I’m using macOS Mojave (10.14.6), miniconda, and FEniCS 2018 with Python. I have a function u: \mathbb{R}^d \rightarrow \mathbb{R}, d = 1, 2. What I want to compute now is the norm / length of its gradient, so | \nabla u| = \sqrt{\nabla u \cdot \nabla u}. Looking only at the dot product, then this should be nonnegative. But if I take u as this function
then |\nabla u| and \nabla u \cdot \nabla u should have (possibly hughe) jumps at x = 0.3 and 0.7. Instead I get something like this (on a mesh with 49 grid points)
Could it be that I have done something wrong with dot and grad here? I get similar results when doing this with a function \mathbb{R}^2 \rightarrow \mathbb{R}.
from fenics import *
# constructing mesh on (0, 1)
N = 49;
mesh = UnitIntervalMesh(N); V = FunctionSpace(mesh, 'P', 1)
# (step)-function of interest
u = interpolate(Expression('x[0] >= 0.3 && x[0] <= 0.7 ? 2 : 1', degree = 2), V)
plot(u, title = 'u')
# plot dot product of grad(u) with itselfe
plot(project(dot(grad(u), grad(u))), title = 'dot(grad(u), grad(u))')
What is being plotted here is not \vert\nabla u\vert itself, but an L^2 projection of it onto a linear C^0 finite element space. L^2 projection to linears does not preserve sign, and the result will have oscillations when projecting discontinuous functions. Some options to get monotone plots are projecting to a DG space or using lumped-mass projection to linears. See, e.g., the following modification of your MWE:
from fenics import *
# constructing mesh on (0, 1)
N = 49
mesh = UnitIntervalMesh(N); V = FunctionSpace(mesh, 'P', 1)
# (step)-function of interest
u = interpolate(Expression('x[0] >= 0.3 && x[0] <= 0.7 ? 2 : 1', degree = 2), V)

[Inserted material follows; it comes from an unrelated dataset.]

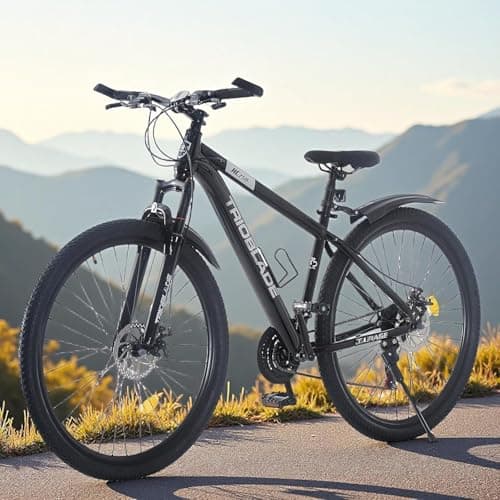 Image of BSTSEL 24/26/27.5/29 Inch Mountain Bike with Front Suspension Fork Mountain Bicycle 21 Speeds with Dual Disc-Brake Suitable for Over 18 Years (24 Inch Black)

# Function to project and plot:
f = sqrt(dot(grad(u),grad(u)))
# Option 0: Consistent-mass projection to a continous space is oscillatory when
# projecting discontinuous functions.
plot(project(f))
# Option 1: Project to a DG0 space (i.e., elementwise averaging).
plot(project(f,FunctionSpace(mesh,"DG",0)))

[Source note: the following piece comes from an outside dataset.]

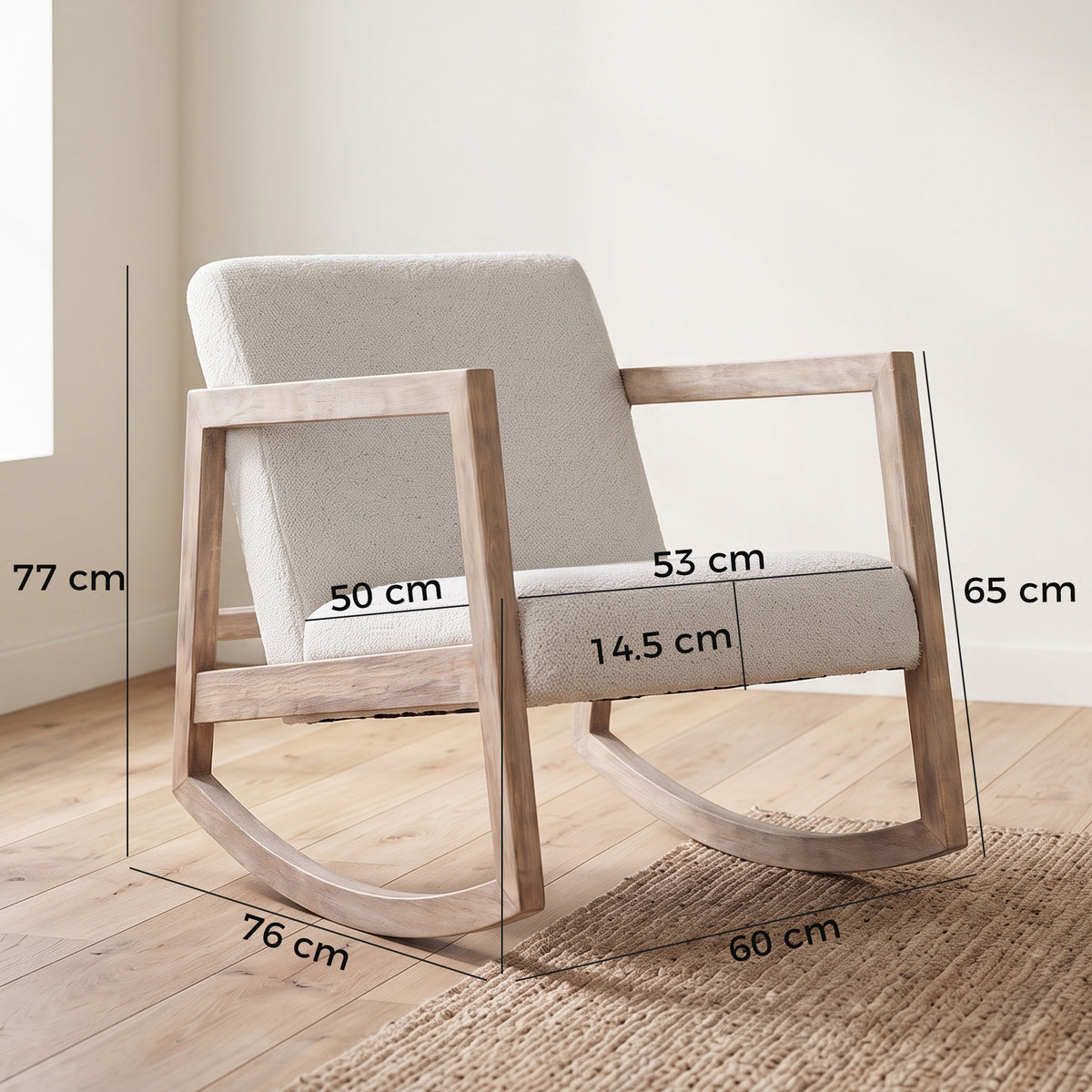 HOMCOM Rocking Chair in Cream White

# Option2: Lumped-mass projection to CG1, which remains monotone.
def lumpedProject(f):
v = TestFunction(V)
lhs = assemble(inner(Constant(1.0),v)*dx)

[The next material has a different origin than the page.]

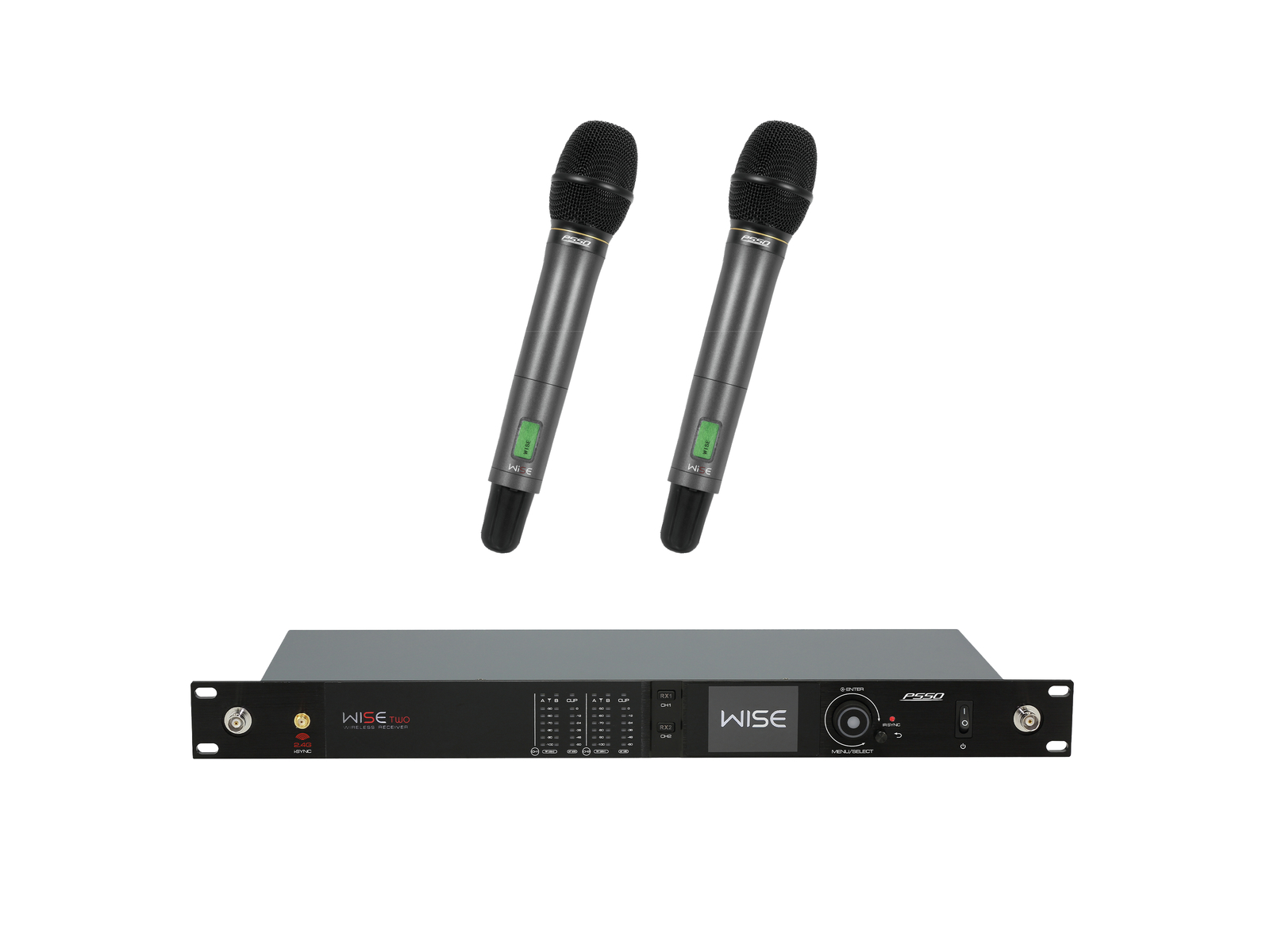 PSSO Set WISE TWO+2x kon.mikr., 2-kanálový bezdrátový mikrofonní set 823-832 MHz / 863-865 MHz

rhs = assemble(inner(f,v)*dx)
u = Function(V)
as_backend_type(u.vector())\
.vec().pointwiseDivide(as_backend_type(rhs).vec(),
as_backend_type(lhs).vec())
return u
plot(lumpedProject(f))
from matplotlib import pyplot as plt
plt.autoscale()
plt.show()
Awesome, thank you! Just one quick question. Is your lumpedProject equivalent to
def lumpedProject(f):
v = TestFunction(V)
lhs = assemble(inner(Constant(1.0),v)*dx)
rhs = assemble(inner(f,v)*dx)
u = Function(V)
u.vector()[:] = rhs[:]/lhs[:]
return u
I am not familiar with the as_beckend_type but I figured out what you did and tried to implement it “my way”. It gives the same output for this example, so I do not know if this is valid for those but will fail for other.
I’ve never tried to do that before, but it looks like that syntax performs the desired element-wise division. I just default to thinking in terms of PETSc operations, because I learned PETSc before I started using FEniCS.
About as_backend_type: In the current stable version of FEniCS, there are abstractions for linear algebra that are designed to interface with different “backend” libraries, but, in practice, everyone uses the default PETSc backend; according to the development roadmap, future versions of FEniCS will support PETSc exclusively.